A guest-first memory subsystem also provides clearer line of sight to
things like a dedicated memory pool (for slice-of-hardware VMs) and
elimination of "struct page" (for offload setups where userspace _never_
needs to mmap() guest memory).

More immediately, being able to map memory into KVM guests without mapping
said memory into the host is critical for Confidential VMs (CoCo VMs), the
initial use case for guest_memfd.  While AMD's SEV and Intel's TDX prevent
untrusted software from reading guest private data by encrypting guest
memory with a key that isn't usable by the untrusted host, projects such
as Protected KVM (pKVM) provide confidentiality and integrity *without*
relying on memory encryption.  And with SEV-SNP and TDX, accessing guest
private memory can be fatal to the host, i.e. KVM must be prevent host
userspace from accessing guest memory irrespective of hardware behavior.

Attempt #1 to support CoCo VMs was to add a VMA flag to mark memory as
being mappable only by KVM (or a similarly enlightened kernel subsystem).
That approach was abandoned largely due to it needing to play games with
PROT_NONE to prevent userspace from accessing guest memory.

Attempt #2 to was to usurp PG_hwpoison to prevent the host from mapping
guest private memory into userspace, but that approach failed to meet
several requirements for software-based CoCo VMs, e.g. pKVM, as the kernel
wouldn't easily be able to enforce a 1:1 page:guest association, let alone
a 1:1 pfn:gfn mapping.  And using PG_hwpoison does not work for memory
that isn't backed by 'struct page', e.g. if devices gain support for
exposing encrypted memory regions to guests.

Attempt #3 was to extend the memfd() syscall and wrap shmem to provide
dedicated file-based guest memory.  That approach made it as far as v10
before feedback from Hugh Dickins and Christian Brauner (and others) led
to it demise.

Hugh's objection was that piggybacking shmem made no sense for KVM's use
case as KVM didn't actually *want* the features provided by shmem.  I.e.
KVM was using memfd() and shmem to avoid having to manage memory directly,
not because memfd() and shmem were the optimal solution, e.g. things like
read/write/mmap in shmem were dead weight.

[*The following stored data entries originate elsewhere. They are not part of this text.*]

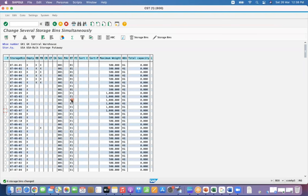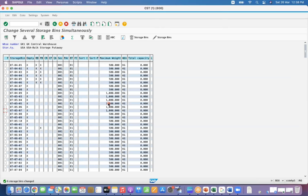Same way, you can update the storage bin type, storage section, total capacity, or any of these fields by using LS11 transaction. I hope this video has helped you understand that this functionality is available in SAP standard without running any ABAP help or LSNW kind of thing.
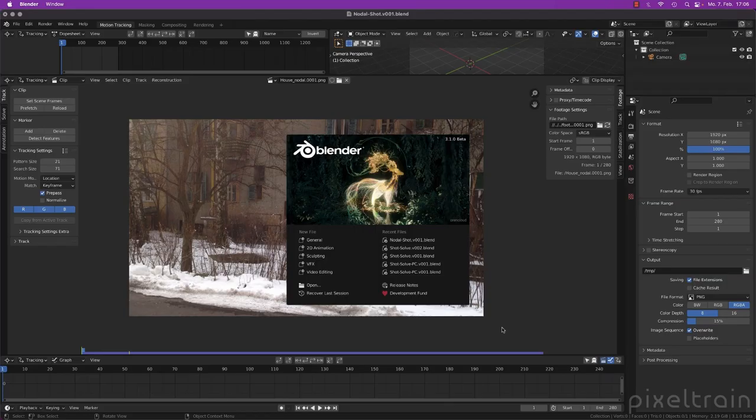Hi guys and welcome back to the next lesson of our series Splendor for production, the 2D and 3D tracking workflow. My name is Helge Maas from Pixeltrain. This time we will have a shorter lesson but a really important one. We want to talk about so-called nodal shots or tripod shots. The question is: what are they and why are they so dangerous? So let's get started.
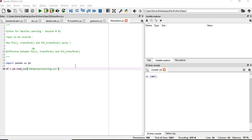Hi everyone, welcome to the 83rd session of Python for Machine Learning. In this session we will learn how fit and transform works and how fit_transform works. In other words, we will find the difference between fit, transform, and fit_transform.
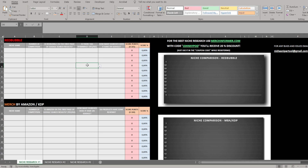Hi guys, welcome to probably the most important video on my channel. I've created a tool to analyze different niches on different print-on-demand websites, which I believe is probably the most advanced tool currently on the market. The price is going to be super low — two dollars for all-time access — because I want this to be accessible for everyone anywhere in the world.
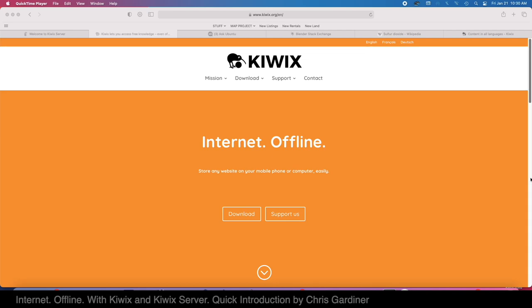Hey, what's up YouTube? Chris Gardner here. Something a little different for you today. We are looking at how we can store some of our favorite or most useful websites offline for reference later.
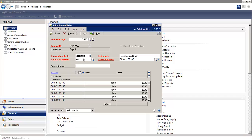You would enter in your transaction date. Your source document would automatically default. The reference is picking up from the Quick Journal template, and same with the offsetting account. Each month, you would enter in the appropriate debits and credits, and then select Post.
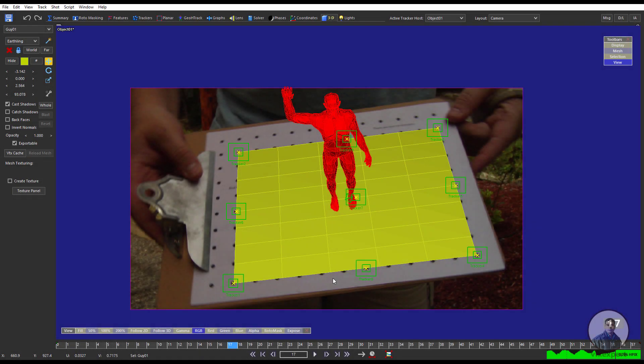Hello guys. Welcome back to my channel VFX Expert. In today's class we are going to see Object Tracking in Synthesize. So let's start the class here.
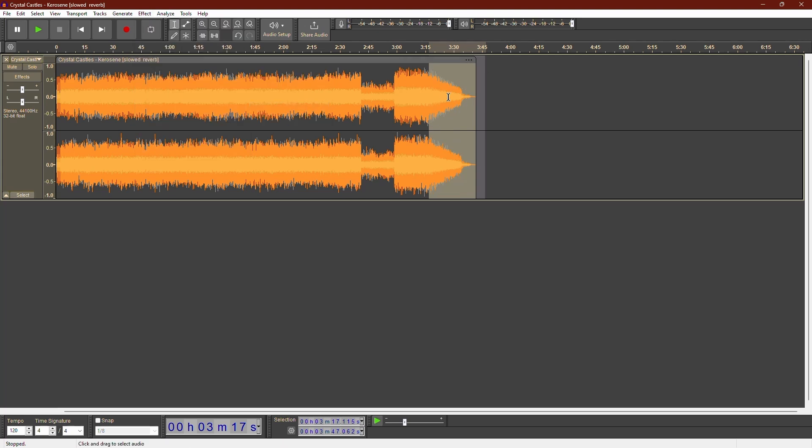This method works, but there's a better way to automate your fades. First, let's look at this improved method.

Christian pointed out flaws with implementing a partial overlay (wrapping
only _some_ of shmem), e.g. poking at inode_operations or super_operations
would show shmem stuff, but address_space_operations and file_operations
would show KVM's overlay.  Paraphrashing heavily, Christian suggested KVM
stop being lazy and create a proper API.

Link: https://lore.kernel.org/all/20201020061859.18385-1-kirill.shutemov@linux.intel.com
Link: https://lore.kernel.org/all/20210416154106.23721-1-kirill.shutemov@linux.intel.com
Link: https://lore.kernel.org/all/20210824005248.200037-1-seanjc@google.com
Link: https://lore.kernel.org/all/20211111141352.26311-1-chao.p.peng@linux.intel.com
Link: https://lore.kernel.org/all/20221202061347.1070246-1-chao.p.peng@linux.intel.com
Link: https://lore.kernel.org/all/ff5c5b97-acdf-9745-ebe5-c6609dd6322e@google.com
Link: https://lore.kernel.org/all/20230418-anfallen-irdisch-6993a61be10b@brauner
Link: https://lore.kernel.org/all/ZEM5Zq8oo+xnApW9@google.com
Link: https://lore.kernel.org/linux-mm/20230306191944.GA15773@monkey
Link: https://lore.kernel.org/linux-mm/ZII1p8ZHlHaQ3dDl@casper.infradead.org
Cc: Fuad Tabba <tabba@google.com>
Cc: Vishal Annapurve <vannapurve@google.com>
Cc: Ackerley Tng <ackerleytng@google.com>
Cc: Jarkko Sakkinen <jarkko@kernel.org>
Cc: Maciej Szmigiero <mail@maciej.szmigiero.name>
Cc: Vlastimil Babka <vbabka@suse.cz>
Cc: David Hildenbrand <david@redhat.com>
Cc: Quentin Perret <qperret@google.com>
Cc: Michael Roth <michael.roth@amd.com>
Cc: Wang <wei.w.wang@intel.com>
Cc: Liam Merwick <liam.merwick@oracle.com>
Cc: Isaku Yamahata <isaku.yamahata@gmail.com>
Co-developed-by: Kirill A. Shutemov <kirill.shutemov@linux.intel.com>
Signed-off-by: Kirill A. Shutemov <kirill.shutemov@linux.intel.com>
Co-developed-by: Yu Zhang <yu.c.zhang@linux.intel.com>
Signed-off-by: Yu Zhang <yu.c.zhang@linux.intel.com>
Co-developed-by: Chao Peng <chao.p.peng@linux.intel.com>
Signed-off-by: Chao Peng <chao.p.peng@linux.intel.com>
Co-developed-by: Ackerley Tng <ackerleytng@google.com>
Signed-off-by: Ackerley Tng <ackerleytng@google.com>
Co-developed-by: Isaku Yamahata <isaku.yamahata@intel.com>
Signed-off-by: Isaku Yamahata <isaku.yamahata@intel.com>
Co-developed-by: Paolo Bonzini <pbonzini@redhat.com>
Signed-off-by: Paolo Bonzini <pbonzini@redhat.com>
Co-developed-by: Michael Roth <michael.roth@amd.com>
Signed-off-by: Michael Roth <michael.roth@amd.com>
Signed-off-by: Sean Christopherson <seanjc@google.com>
Message-Id: <20231027182217.3615211-17-seanjc@google.com>
Reviewed-by: Fuad Tabba <tabba@google.com>
Tested-by: Fuad Tabba <tabba@google.com>
Reviewed-by: Xiaoyao Li <xiaoyao.li@intel.com>
Signed-off-by: Paolo Bonzini <pbonzini@redhat.com>
2023-11-14 08:01:03 -05:00
Chao Peng
5a475554db KVM: Introduce per-page memory attributes
In confidential computing usages, whether a page is private or shared is
necessary information for KVM to perform operations like page fault
handling, page zapping etc. There are other potential use cases for
per-page memory attributes, e.g. to make memory read-only (or no-exec,
or exec-only, etc.) without having to modify memslots.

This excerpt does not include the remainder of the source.